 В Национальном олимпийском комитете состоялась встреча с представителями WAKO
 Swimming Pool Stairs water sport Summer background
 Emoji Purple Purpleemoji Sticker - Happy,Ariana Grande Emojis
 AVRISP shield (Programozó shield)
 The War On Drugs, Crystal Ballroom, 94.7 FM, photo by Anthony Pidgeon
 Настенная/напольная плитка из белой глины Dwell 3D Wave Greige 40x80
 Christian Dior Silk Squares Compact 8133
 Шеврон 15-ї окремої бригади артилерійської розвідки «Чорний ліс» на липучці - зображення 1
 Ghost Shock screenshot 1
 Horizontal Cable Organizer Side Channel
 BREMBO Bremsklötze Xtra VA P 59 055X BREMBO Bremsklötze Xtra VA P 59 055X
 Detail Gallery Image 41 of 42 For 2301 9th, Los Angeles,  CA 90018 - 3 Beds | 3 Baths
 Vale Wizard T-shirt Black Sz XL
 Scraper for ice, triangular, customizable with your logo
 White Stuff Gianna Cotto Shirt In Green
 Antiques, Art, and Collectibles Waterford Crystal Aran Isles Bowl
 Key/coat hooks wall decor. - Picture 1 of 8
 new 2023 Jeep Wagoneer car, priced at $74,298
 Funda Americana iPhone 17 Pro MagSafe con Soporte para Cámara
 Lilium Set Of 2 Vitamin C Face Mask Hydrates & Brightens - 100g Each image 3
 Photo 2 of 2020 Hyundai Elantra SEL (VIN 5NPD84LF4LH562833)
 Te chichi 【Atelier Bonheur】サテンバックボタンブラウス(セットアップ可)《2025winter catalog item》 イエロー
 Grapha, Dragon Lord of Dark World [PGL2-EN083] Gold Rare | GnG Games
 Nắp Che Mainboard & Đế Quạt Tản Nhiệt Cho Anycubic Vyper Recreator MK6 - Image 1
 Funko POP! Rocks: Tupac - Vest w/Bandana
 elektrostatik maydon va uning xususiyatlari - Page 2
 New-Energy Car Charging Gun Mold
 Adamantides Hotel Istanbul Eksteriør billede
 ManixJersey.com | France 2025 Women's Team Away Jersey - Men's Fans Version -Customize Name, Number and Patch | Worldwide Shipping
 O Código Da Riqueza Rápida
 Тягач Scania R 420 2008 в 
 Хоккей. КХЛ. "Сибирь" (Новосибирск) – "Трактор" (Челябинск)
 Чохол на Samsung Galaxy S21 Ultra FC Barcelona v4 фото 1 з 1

-------------------------

* ACTIVITY: Quote exactly the stretch of lines above that starts at the first one and ends at the line with "Antiques, Art, and", and nothing beyond it.

* WRITTEN SOLUTION:
 В Национальном олимпийском комитете состоялась встреча с представителями WAKO
 Swimming Pool Stairs water sport Summer background
 Emoji Purple Purpleemoji Sticker - Happy,Ariana Grande Emojis
 AVRISP shield (Programozó shield)
 The War On Drugs, Crystal Ballroom, 94.7 FM, photo by Anthony Pidgeon
 Настенная/напольная плитка из белой глины Dwell 3D Wave Greige 40x80
 Christian Dior Silk Squares Compact 8133
 Шеврон 15-ї окремої бригади артилерійської розвідки «Чорний ліс» на липучці - зображення 1
 Ghost Shock screenshot 1
 Horizontal Cable Organizer Side Channel
 BREMBO Bremsklötze Xtra VA P 59 055X BREMBO Bremsklötze Xtra VA P 59 055X
 Detail Gallery Image 41 of 42 For 2301 9th, Los Angeles,  CA 90018 - 3 Beds | 3 Baths
 Vale Wizard T-shirt Black Sz XL
 Scraper for ice, triangular, customizable with your logo
 White Stuff Gianna Cotto Shirt In Green
 Antiques, Art, and Collectibles Waterford Crystal Aran Isles Bowl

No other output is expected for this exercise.